The economic strategies that had made Singapore a preeminent city state economy in SE Asia were becoming successful in Indonesia, Vietnam, the Philippines, Malaysia, and Thailand and of course India, Bangladesh and China.
It is fair to say that Singapore as a whole is more acutely attuned than Australia is to the rising towers that physically and metaphorically will surround it within a few decades at most. It is acutely aware that its cost advantage in many activities is being fast eroded. The rise of economies but their concurrent falls in influence as ‘the neighbors’ catch up is occurring all over the Asia-Pacific hemisphere, not just in the wide brown land at its southern extremity.
By the time the current CEO of the Singapore Airlines business, Goh Choon Phong was appointed in 2010 it was widely considered obvious in Singapore that a more successful foray into the growth area of low cost air travel was required, but that over the top of that, benefiting from the activities of airlines of any type was more vital to its future than the iconic status of Singapore Airlines.

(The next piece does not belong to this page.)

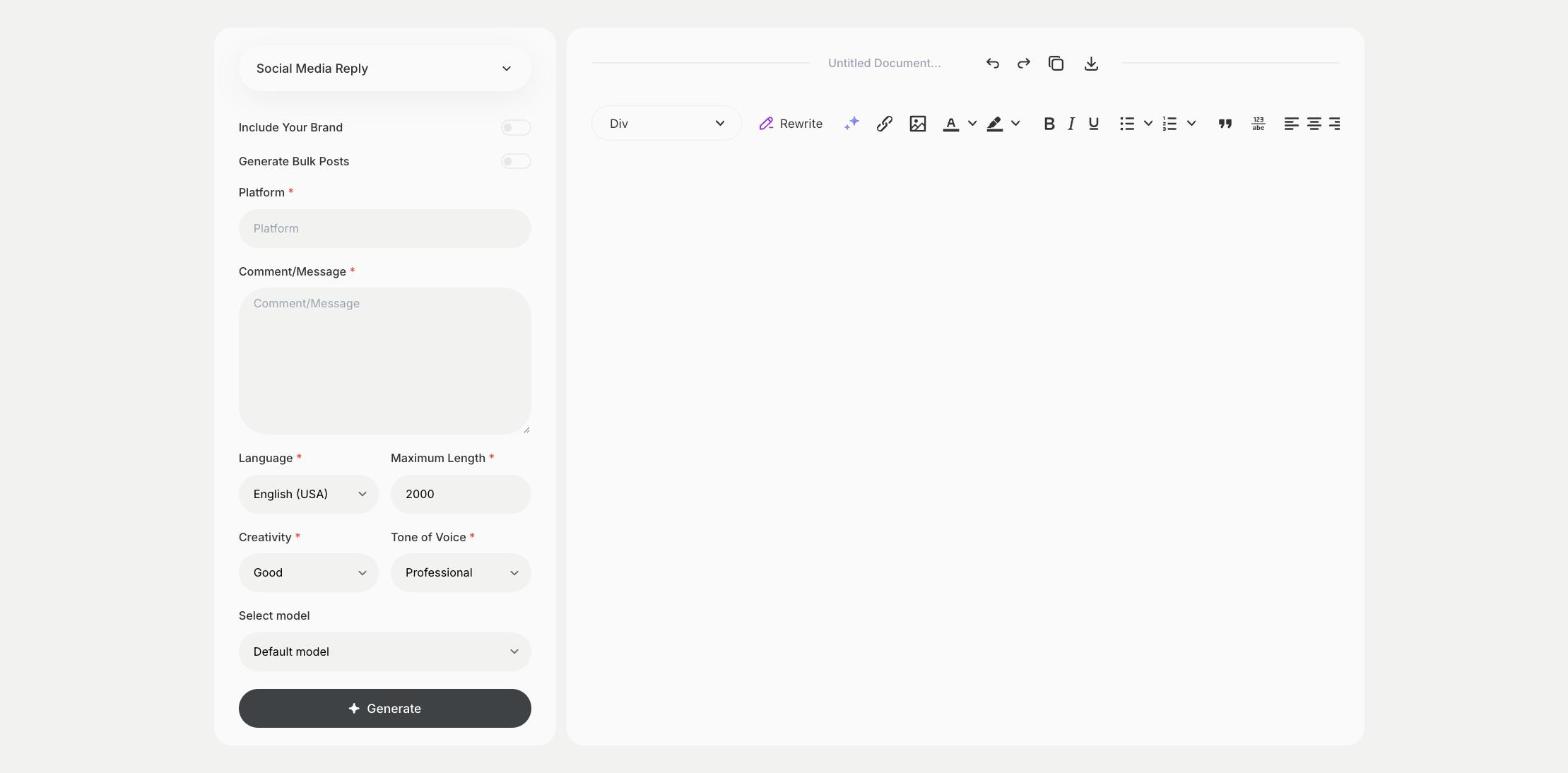 Social Media Reply template in Qyx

Which is coincidentally the policy setting in Trade and Commerce that has been apparent in Canberra for all of this century, and supported despite the odd bit of contrary rhetoric by both sides of politics.
Singapore Airlines divested much of its initial stake in Tiger Airways Holdings which had been its response under Chew to Jetstar Asia, and launched its 100% owned wide body low cost subsidiary Scoot.

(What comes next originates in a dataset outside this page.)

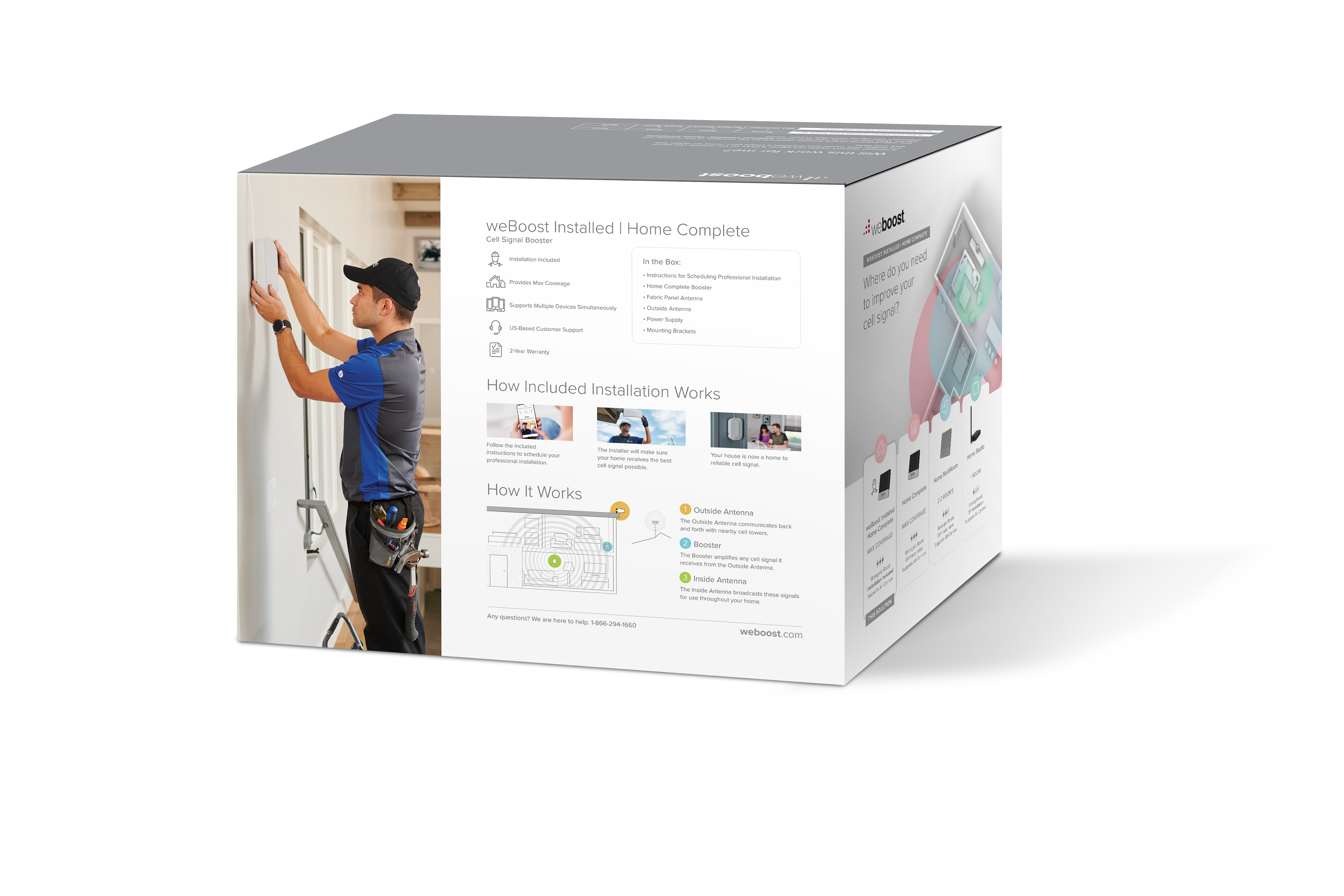 This residential product includes professional installation. We made a point to emphasize what it consists of, so customers who pick up the box at a retail location can quickly understand what it entails.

However it continues to have a strong focus on its legacy business, which is full service airlines operations, which brings up obvious parallels between the businesses owned by Singapore Airlines, and those in which it now has a significant stake and voice, namely Virgin Australia (19.9%), Tiger Airways Singapore (32%) and through the Tiger Holdings company an indirect stake in its 40% share of Tiger Airways Australia plus the benefits or otherwise of indirect participation in the other 60% of that operation through its Virgin Australia investment.
This means that Singapore Airlines will have a vital continued interest in how Tiger does in Australia, notwithstanding control of the operation being held by Virgin Australia.

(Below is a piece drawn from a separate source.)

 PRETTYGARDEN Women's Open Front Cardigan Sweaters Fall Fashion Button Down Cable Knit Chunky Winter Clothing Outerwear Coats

It also means that its anger at what it has long seen as the dishonoring by Australian governments of assurances that it can have open skies access to the Australia-US market will now focus on its investment in Virgin Australia’s newly profitable trans Pacific operations and the joint business venture it has in relation to them and US domestic traffic with Delta.
Singapore Airlines’s original interest in flying the Australia-US routes with 777s or A380s may thus find its expression in getting such assets into the Virgin Australia operation. If the current ownership structure of Virgin Australia Holdings is any guide, a way will be found.
A point of conflict that may arise between Singapore Airlines on 19.9% of Virgin Australia and Etihad on 9% could be traffic between Australia and Europe.
Virgin’s alliance with Etihad over Abu Dhabi will compete in the minds of Singapore Airlines’ customers with its alliance with Virgin over Singapore, and if Virgin makes it hard for customers to score points to Europe flying there via Singapore the obvious answer the customers will have is just to continue to buy those trips as Singapore Airlines trips.
Sooner, rather than later, Virgin Australia will have to revamp, restate or reorganize its European traffic ambitions and offerings to satisfy Singapore Airlines, and Etihad, and in that order.
The crucial operational advantage for Singapore Airlines in its alliance with Virgin Australia is that it will not only carry Australia originating traffic to Singapore to connect to almost all of Asia, but to Europe.
It’s an advantage Qantas can’t replicate in association with Emirates, posing a problem it urgently needs to solve if its Asia strategies aren’t going to become either unwieldy or ineffective.